WHAT IS NEEDED: Starting at the line that contains "Nasty Gal Faux", print every remaining line of the entries, unchanged, and output nothing more.

EXTRACTED ENTRIES:

+++++

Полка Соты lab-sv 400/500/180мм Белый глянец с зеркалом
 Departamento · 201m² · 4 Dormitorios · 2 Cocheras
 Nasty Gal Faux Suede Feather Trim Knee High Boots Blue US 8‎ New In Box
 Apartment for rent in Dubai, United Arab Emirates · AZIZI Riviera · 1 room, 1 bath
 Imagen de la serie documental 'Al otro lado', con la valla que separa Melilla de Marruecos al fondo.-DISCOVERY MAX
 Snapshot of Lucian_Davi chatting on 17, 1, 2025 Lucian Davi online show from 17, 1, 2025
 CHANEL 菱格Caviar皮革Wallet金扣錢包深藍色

+++++

EXERCISE RESULT:
 Nasty Gal Faux Suede Feather Trim Knee High Boots Blue US 8‎ New In Box
 Apartment for rent in Dubai, United Arab Emirates · AZIZI Riviera · 1 room, 1 bath
 Imagen de la serie documental 'Al otro lado', con la valla que separa Melilla de Marruecos al fondo.-DISCOVERY MAX
 Snapshot of Lucian_Davi chatting on 17, 1, 2025 Lucian Davi online show from 17, 1, 2025
 CHANEL 菱格Caviar皮革Wallet金扣錢包深藍色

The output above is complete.